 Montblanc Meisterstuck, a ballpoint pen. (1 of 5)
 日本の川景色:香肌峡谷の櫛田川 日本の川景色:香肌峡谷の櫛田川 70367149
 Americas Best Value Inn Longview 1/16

> **Problem details**
Each line from the line holding "日本の川景色:香肌峡谷の櫛田川 日本の川景色:香肌峡谷の櫛田川 70367149" through the end of the material above is to be printed exactly, both ends included, and no other line is to appear.

> **Answer box**
 日本の川景色:香肌峡谷の櫛田川 日本の川景色:香肌峡谷の櫛田川 70367149
 Americas Best Value Inn Longview 1/16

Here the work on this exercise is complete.